# BEGIN SourceDeps(oneline):
BuildRequires: perl(Algorithm/NeedlemanWunsch.pm) perl(Class/Generate.pm) perl(Exporter.pm) perl(ExtUtils/MakeMaker.pm) perl(Fatal.pm) perl(HTML/Entities.pm) perl(HTML/Parser.pm) perl(IPC/Run3.pm) perl(LWP.pm) perl(LWP/UserAgent.pm) perl(Probe/Perl.pm) perl(Test/More.pm)
# END SourceDeps(oneline)
%define module_version 0.08
%define module_name HTML-ListScraper
%define _unpackaged_files_terminate_build 1
BuildRequires: rpm-build-perl perl-devel perl-podlators

Name: perl-%module_name
Version: 0.08
Release: alt1
Summary: generic web page scraping support
Group: Development/Perl
License: perl
Url: %CPAN %module_name

Source0: http://cpan.org.ua/authors/id/V/VB/VBAR/%{module_name}-%{module_version}.tar.gz
BuildArch: noarch

%description
While Perl has good support and is often used for extracting
machine-friendly data from HTML pages, most scripts used for that task
are ad-hoc, parsing just one site's HTML and depending on superficial,
transient details of its structure - and are therefore brittle and
labor-intensive to maintain.

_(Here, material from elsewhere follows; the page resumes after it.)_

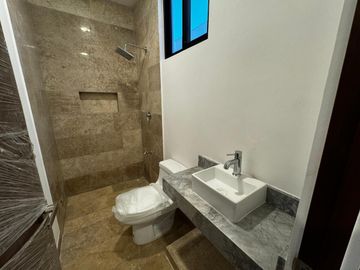 Casa en venta en Mérida, Privada Silvesta, Cholul ( L. 15)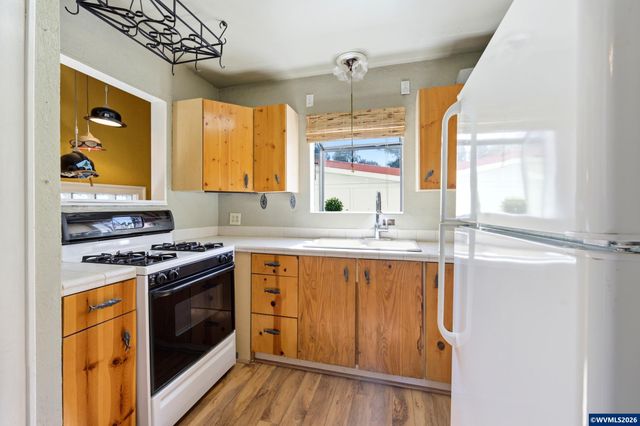 480 21st St SE, Salem, OR 97317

This module tries to support more generic
scraping for a class of pages: those whose most important part is a
list of links.

`HTML::ListScraper' is a subclass of the HTML::Parser manpage, building on its
ability to convert an octet stream - whether strictly valid HTML or
something just vaguely similar to it - to tags and text. HTML parsing
works the same as with `HTML::Parser', except you don't need to
register your own HTML event handlers.

When the document is parsed, call `find_sequences' to find out which
tags in the document repeat, one after the other, more than once
(attributes, text and comments are ignored for this comparison). Since
there'll probably be quite a lot of such sequences,
`HTML::ListScraper' tries to find the "longest one repeating most
often", specifically, it maximizes `log(number of non-overlapping
runs)*log(number of tags in the sequence)'. There can obviously be
more than one such sequence, which is why the method returns an array
(and the array can also be empty - see below). Your application can
then iterate over the returned structure to find items of interest.

This module includes a script, `scrape', displaying the sequences
found by `HTML::ListScraper', so that you can see which items your
application needs - and if they aren't there, you can try to tweak
`HTML::ListScraper''s settings with the various `scrape' switches to
make it find more.

`HTML::ListScraper' methods are as follows:
%prep
%setup -q -n %{module_name}-%{module_version}

%build
%perl_vendor_build

%install
%perl_vendor_install

%files
%doc Changes README
%perl_vendor_privlib/H*

%changelog